Segment Start: GIVEN RECORDS

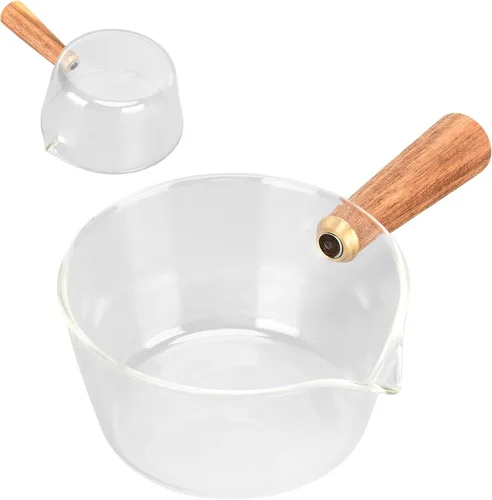 Vista 6 de Omabeta Olla de vidrio transparente con mango de madera, cacerola antiadherente de vidrio, tazas medidoras de vidrio, jarra espumosa para el hogar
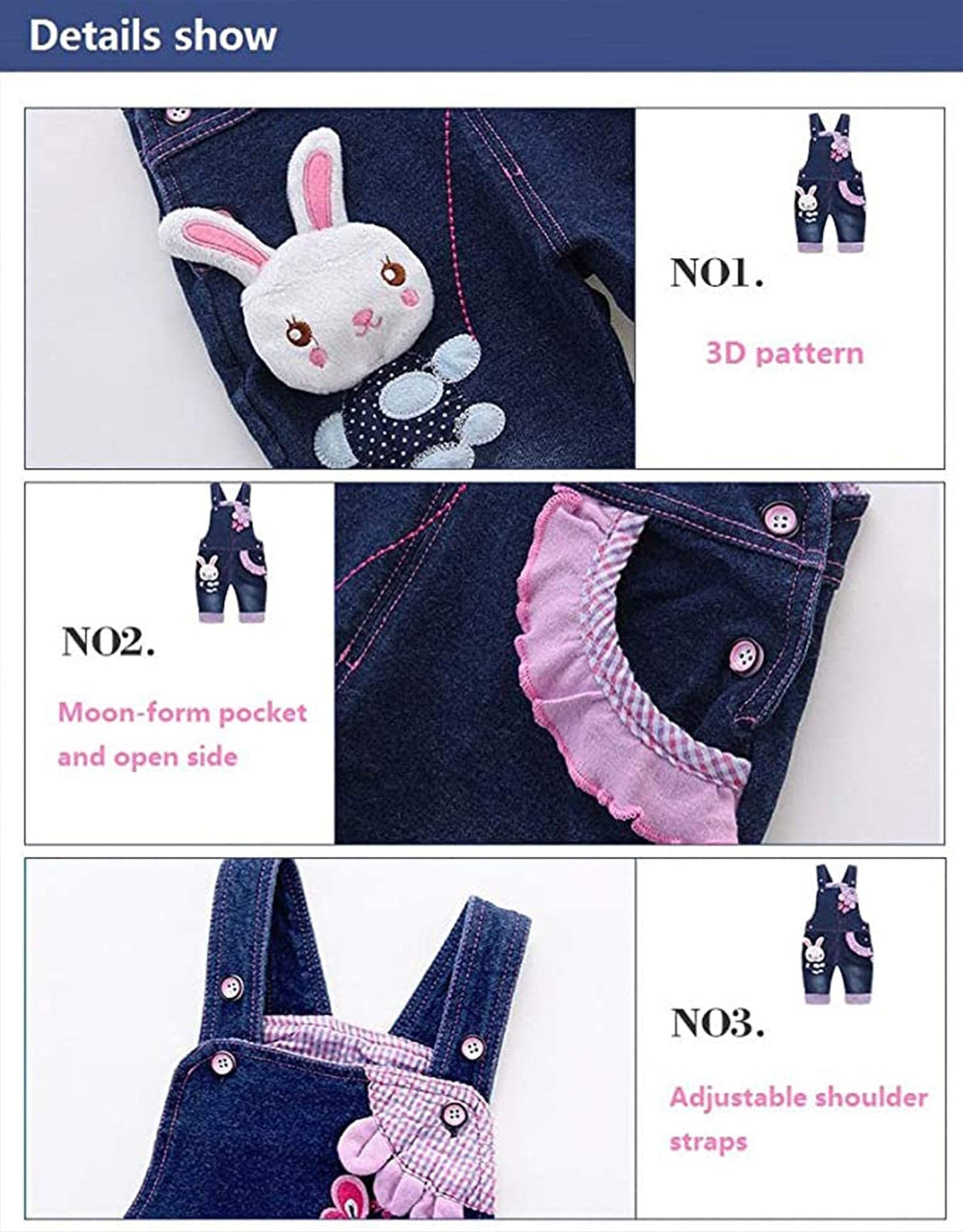 KIDSCOOL SPACE Baby-Mädchen Jeans-Latzhose, niedliches Denim-Outfit mit 3D-Hasenmotiv, Blau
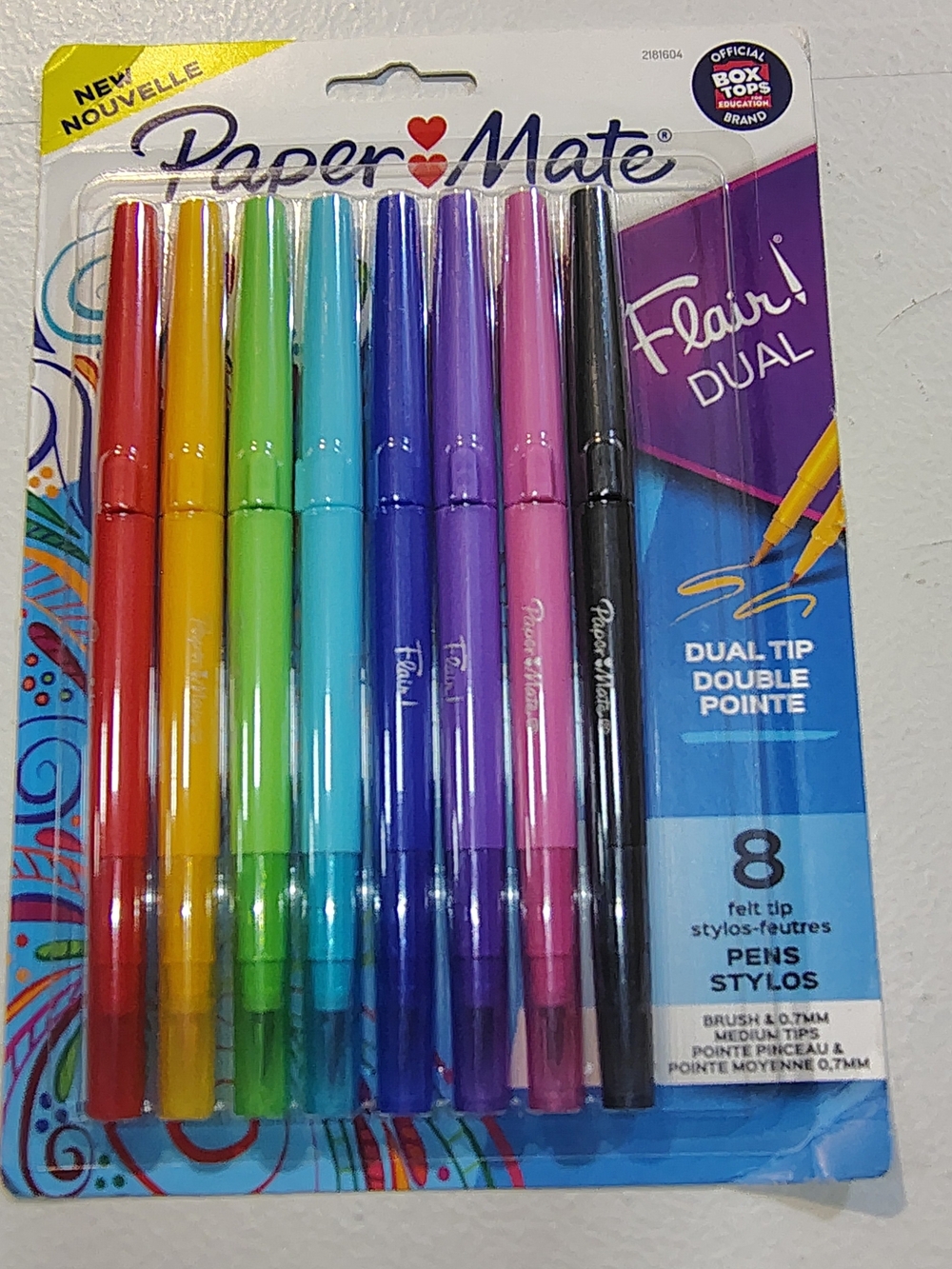 Paper Mate Flair Dual Felt Tip Pens With Brush & 0.7mm Medium Tips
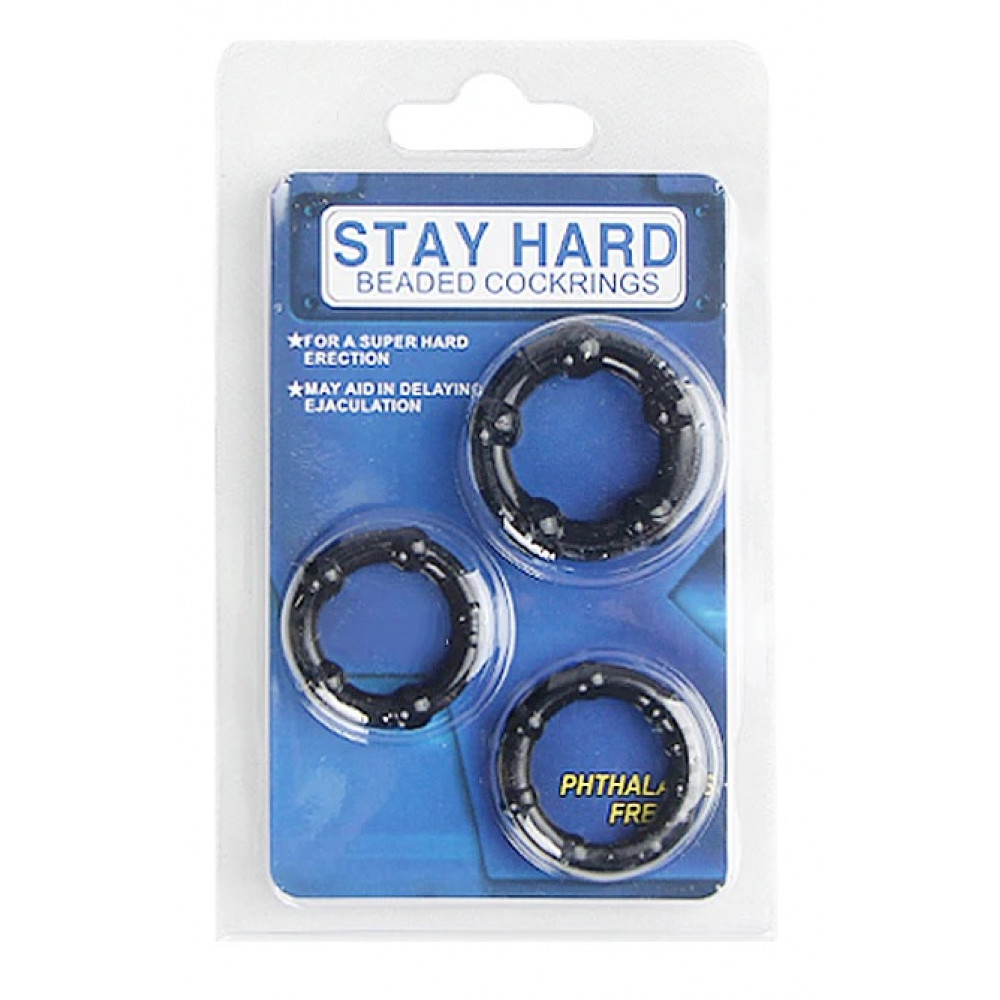 Разное - Набор эрекционных колец Stay hard, CN-330300012 Black 3
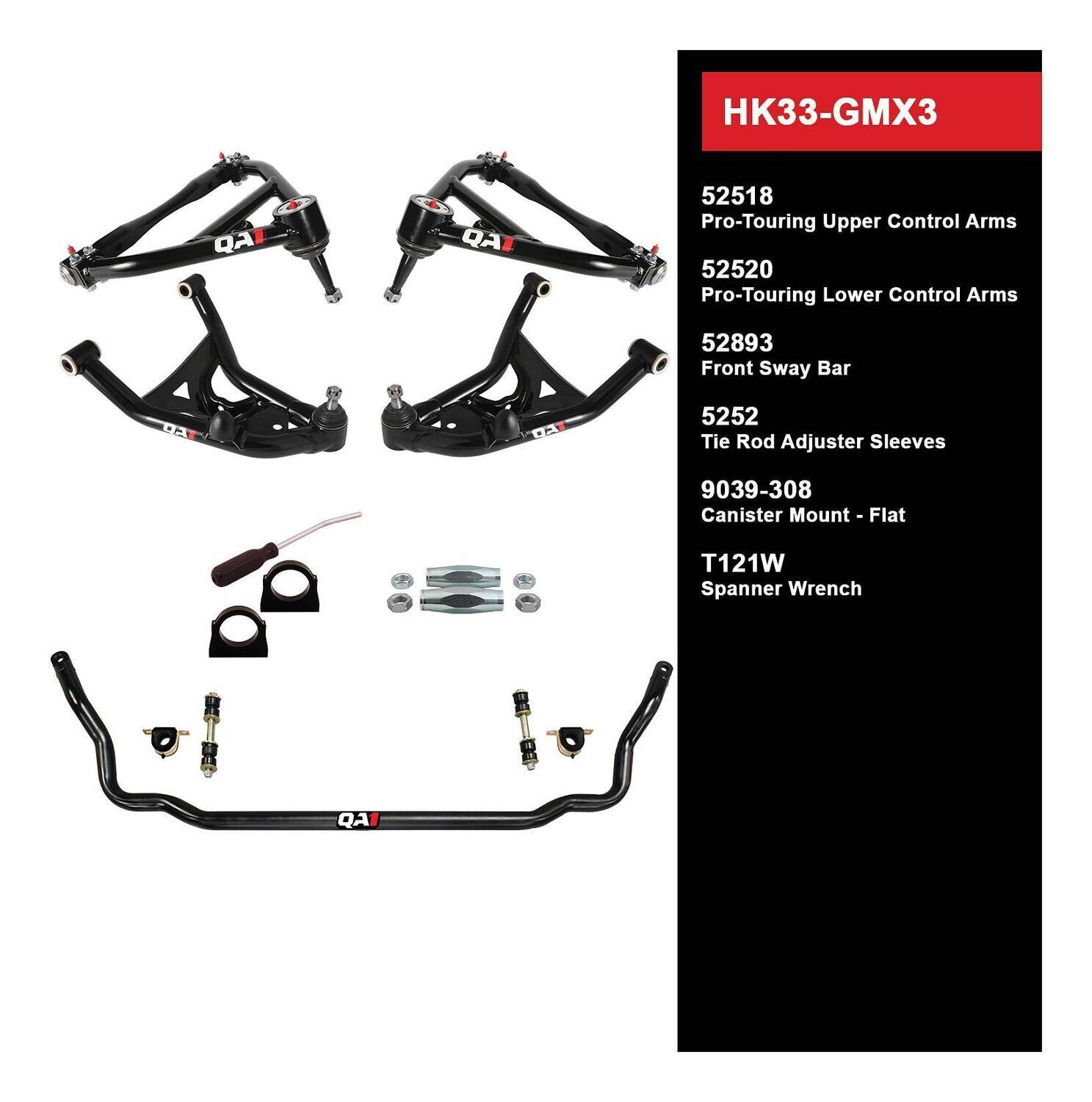 QA1 Level 3 Handling Kit for 75-79 GM X-Body Without Shocks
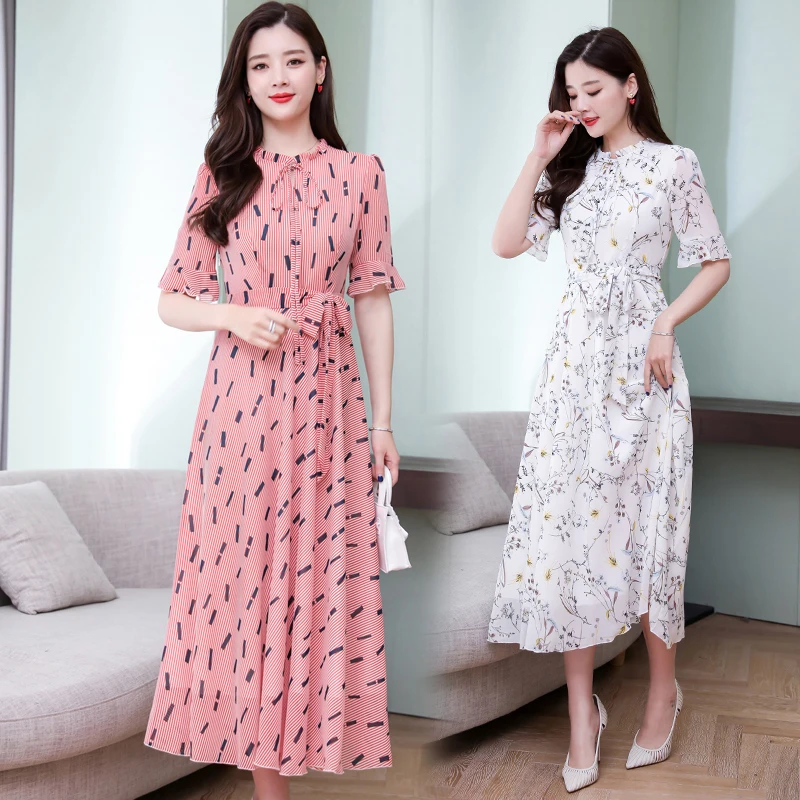 

Plus Size Summer Chiffon Floral 4XL Maxi Dress Sexy Short Sleeve Stand Collar Dress Casual Loose High Waist Beach Party Dress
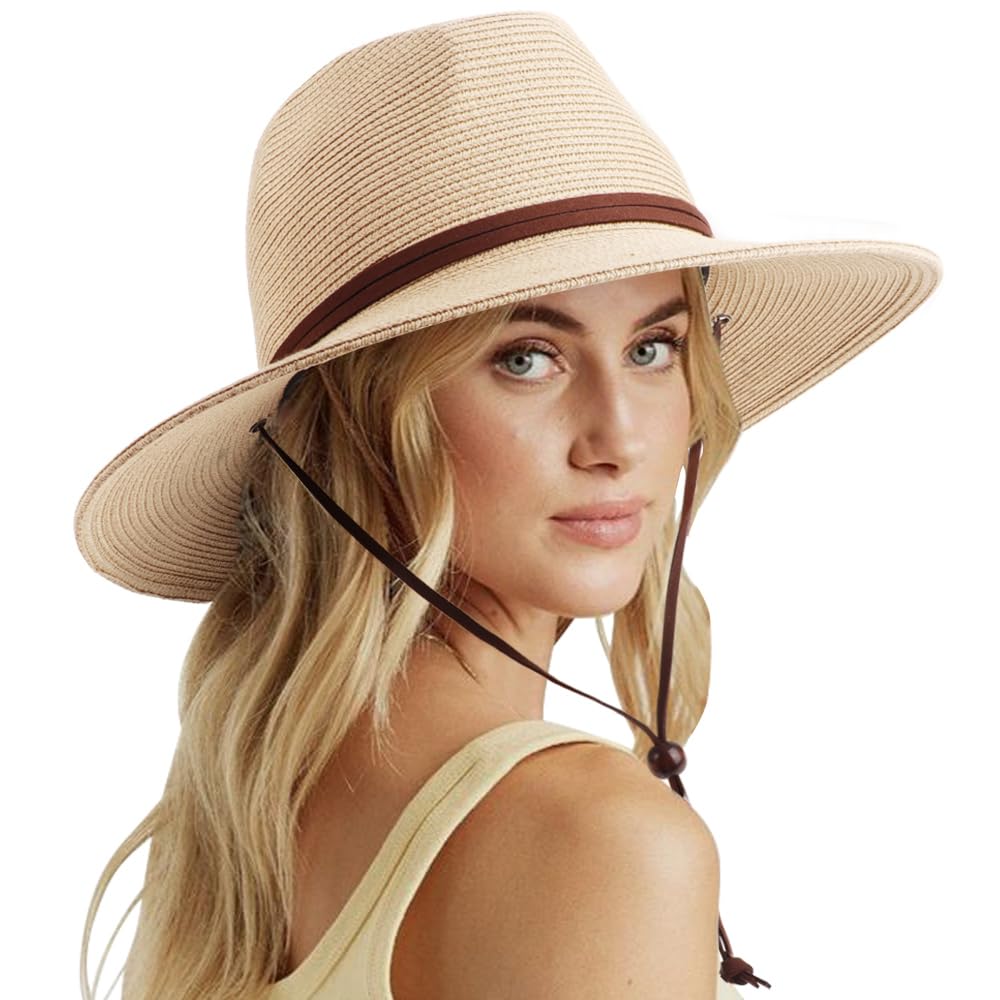 DRESHOW Womens Summer Straw Sun Hat Wide Brim Bucket Hats Fedora Hat Panama Beach Hat with Chin Strap UPF 50+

Segment End: GIVEN RECORDS

**ASSIGNMENT**:
Take the lines from the one containing "Plus Size Summer" through the final line of the listing above and print them exactly, including both ends but no pictures.

**YOUR RESPONSE**:
Plus Size Summer Chiffon Floral 4XL Maxi Dress Sexy Short Sleeve Stand Collar Dress Casual Loose High Waist Beach Party Dress
 DRESHOW Womens Summer Straw Sun Hat Wide Brim Bucket Hats Fedora Hat Panama Beach Hat with Chin Strap UPF 50+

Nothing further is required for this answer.